Johnson currently serves on the board of directors for the Thoreau Society, an organization of Thoreau researchers and admirers that hosts annual gatherings in Concord each summer and produces a quarterly newsletter and an annual journal of scholarly work devoted to Thoreau. The society also hosts special panels featured at conferences of the Modern Language Association and American Literature Association that Johnson has helped to organize over the last seven years alongside Dr. Kristen Case of the University of Maine.

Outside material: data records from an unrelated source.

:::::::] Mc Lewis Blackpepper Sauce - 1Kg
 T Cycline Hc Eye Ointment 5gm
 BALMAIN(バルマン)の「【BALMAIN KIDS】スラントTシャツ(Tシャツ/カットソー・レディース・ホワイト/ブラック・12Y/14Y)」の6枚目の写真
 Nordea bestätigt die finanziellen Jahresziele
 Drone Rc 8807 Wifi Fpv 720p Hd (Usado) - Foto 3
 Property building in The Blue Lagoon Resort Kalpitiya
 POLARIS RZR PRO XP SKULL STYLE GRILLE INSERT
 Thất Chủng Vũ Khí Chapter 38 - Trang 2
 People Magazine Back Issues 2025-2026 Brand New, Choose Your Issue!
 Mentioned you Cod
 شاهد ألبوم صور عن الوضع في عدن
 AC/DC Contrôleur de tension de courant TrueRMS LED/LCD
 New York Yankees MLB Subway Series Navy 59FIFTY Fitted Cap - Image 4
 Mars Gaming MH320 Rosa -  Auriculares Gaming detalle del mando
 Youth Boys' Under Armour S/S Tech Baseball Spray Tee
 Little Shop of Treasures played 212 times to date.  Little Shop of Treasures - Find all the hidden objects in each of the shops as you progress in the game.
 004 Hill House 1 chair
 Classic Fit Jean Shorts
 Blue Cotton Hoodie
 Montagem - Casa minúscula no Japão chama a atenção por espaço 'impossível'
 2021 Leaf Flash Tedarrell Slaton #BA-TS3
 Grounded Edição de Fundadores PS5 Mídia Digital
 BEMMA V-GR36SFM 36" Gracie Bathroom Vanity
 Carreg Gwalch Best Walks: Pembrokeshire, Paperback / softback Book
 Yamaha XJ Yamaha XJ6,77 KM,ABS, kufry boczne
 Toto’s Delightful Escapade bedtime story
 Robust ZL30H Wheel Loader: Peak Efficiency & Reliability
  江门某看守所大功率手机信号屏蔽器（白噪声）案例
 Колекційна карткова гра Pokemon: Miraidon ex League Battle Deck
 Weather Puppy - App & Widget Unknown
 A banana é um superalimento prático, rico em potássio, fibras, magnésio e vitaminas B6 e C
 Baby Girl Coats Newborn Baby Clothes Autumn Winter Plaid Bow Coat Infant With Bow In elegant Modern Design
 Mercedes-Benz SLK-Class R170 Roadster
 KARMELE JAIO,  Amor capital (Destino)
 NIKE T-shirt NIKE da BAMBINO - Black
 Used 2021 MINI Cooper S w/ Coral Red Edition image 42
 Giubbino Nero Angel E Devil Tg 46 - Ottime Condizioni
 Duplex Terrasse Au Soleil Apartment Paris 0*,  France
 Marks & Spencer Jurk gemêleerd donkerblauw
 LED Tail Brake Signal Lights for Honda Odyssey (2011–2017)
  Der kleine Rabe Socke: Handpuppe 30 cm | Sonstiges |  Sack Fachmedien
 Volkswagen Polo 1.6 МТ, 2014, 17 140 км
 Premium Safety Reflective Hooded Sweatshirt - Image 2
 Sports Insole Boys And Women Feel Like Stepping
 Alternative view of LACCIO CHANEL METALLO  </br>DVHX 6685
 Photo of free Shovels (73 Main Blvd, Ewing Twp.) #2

Johnson’s years of Thoreau scholarship and her regular activity with the Thoreau Society led to numerous requests from the academic community for essays and presentations about Thoreau over the last year to coincide with the bicentennial. This included a collaboration with Dr. Samantha Harvey from Boise State University for a piece in Cambridge University Press’ “Thoreau at Two Hundred: Essays and Reassessments”, and a forthcoming essay in “The Blackwell Companion to American Literature.”
Presentations on Thoreau also kept Johnson moving throughout the United States and beyond, including to the Thoreau Society Annual Gathering in Concord, the Modern Language Association Conference in Philadelphia, the Huntington Library in San Marino, California, Bucknell University, and Lyon, France. Most recently, she delivered one of two keynote lectures at the “Uses and Abuses of Thoreau at 200,” an International Symposium in Gothenburg, Sweden.
“That talk in particular was very meaningful to me because of the way the conference was themed,” Johnson said of her time in Sweden. “I personally needed to think about Thoreau’s own grappling with what he saw as the cultural violence that’s inflicted by political abuse, and with how his work in this regard might help us now in the world we live in.”
Johnson worked toward her presentations throughout a full schedule of teaching Thoreau material throughout last fall, both at the undergraduate level at the C of I as well as with 125 adult learners at Boise’s Osher Institute of Lifelong Learning. Fall 2017 marked the first time in nearly two decades Johnson taught a class at the C of I exclusively on Thoreau, organized specifically to mark the bicentennial year. While initially contacted by Osher to teach a class on the American poet Emily Dickinson, Johnson said she convinced Osher there would be an interest in a Thoreau class.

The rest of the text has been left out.